Outro problema é a exposição a doses bem mais altas de radiação do que as que recebemos aqui na Terra, protegidos pela atmosfera.Sem a experiência acumulada pelos russos com a Mir, a Estação Espacial Internacional (ISS), a nova catedral do espaço, não poderia ter sido construída. Sendo uma colaboração entre vários países, mas principalmente entre a Rússia e os EUA, a ISS também inaugura uma nova era no programa espacial, a da cooperação internacional. Se a queda do Muro de Berlim foi o símbolo terrestre do fim da Guerra Fria, a ISS é seu símbolo no espaço.
Na verdade, a ISS é um símbolo maior ainda, uma demonstração concreta da possibilidade de união entre os vários países e as diversas culturas da Terra em prol de um fim conjunto de interesse para toda a humanidade: nosso destino no espaço.A estação espacial Mir, em seus 15 anos de funcionamento, demonstrou a viabilidade de um programa prolongado de exploração espacial baseado em uma plataforma-mãe, um trampolim para o resto do cosmo.
Não é difícil imaginar um futuro onde teremos várias estações espaciais, ilhas espalhadas pelo Sistema Solar, onde missões vindas da Terra ou de outros planetas possam reabastecer seu combustível, sua tripulação possa "esticar as pernas" e dados científicos possam ser discutidos e analisados. Talvez, como no filme "Guerra nas Estrelas", algumas delas tenham até bares onde os astronautas possam beber uma cerveja e ouvir um jazz. Isso supondo que essas estruturas sejam capazes de gerar sua própria gravidade, o que é em princípio possível por meio de rotação ou aceleração (os leitores que assistiram ao filme "2001: Uma Odisséia no Espaço" devem estar lembrados de como a estação espacial girava).

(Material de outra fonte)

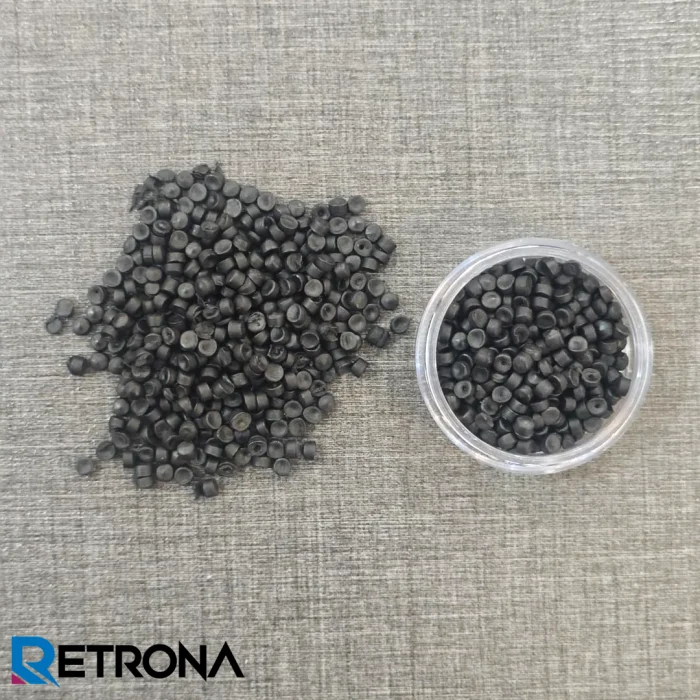 CRP100B Recycle
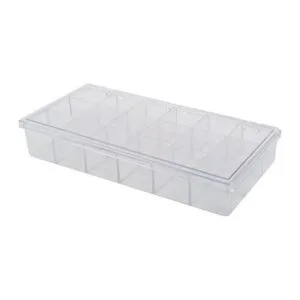 Brownells Compartment Boxes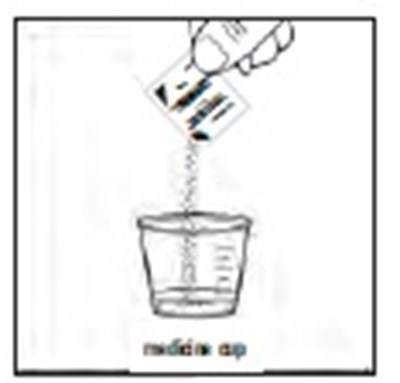 Sapropretinepfosfigurec (Sapropretinepfosfigurec)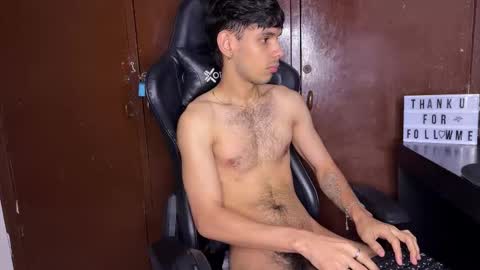 Damiano online show from January 11, 10:32 am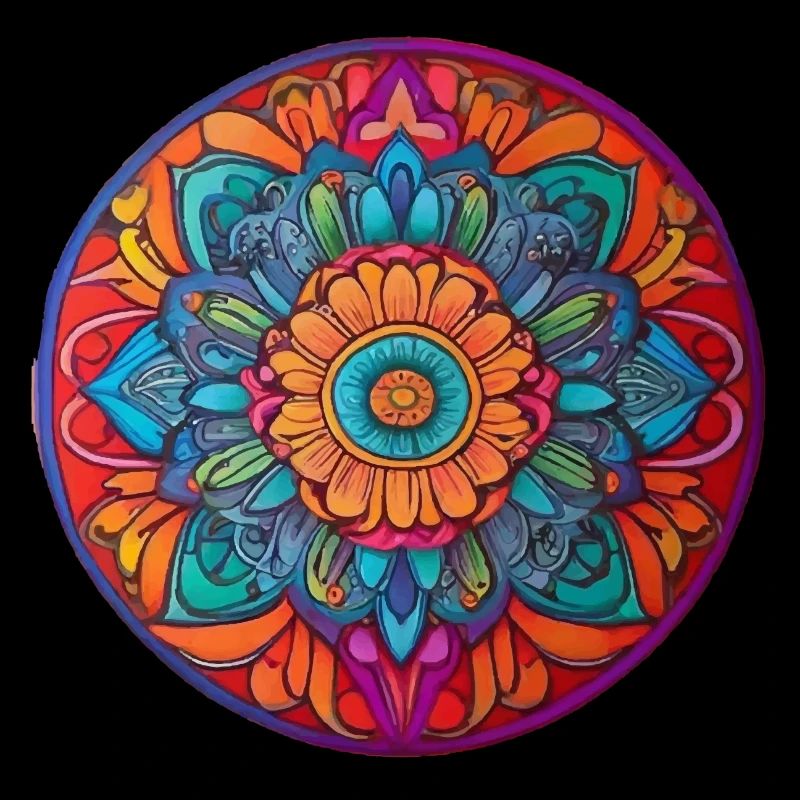 Mandala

Quando era garoto, eu estava convencido de que em 2001 estaríamos todos viajando em espaçonaves, quem sabe até explorando os mistérios do Sistema Solar em missões tripuladas. Mas os sonhos são assim mesmo, bem mais apressados do que a realidade. Hoje continuo convencido de que isso tudo irá acontecer. Só prefiro não arriscar quando. Mas seja lá quando for, espero que a velha e sábia Mir continue viva na nossa memória como tendo sido o primeiro trampolim para o espaço.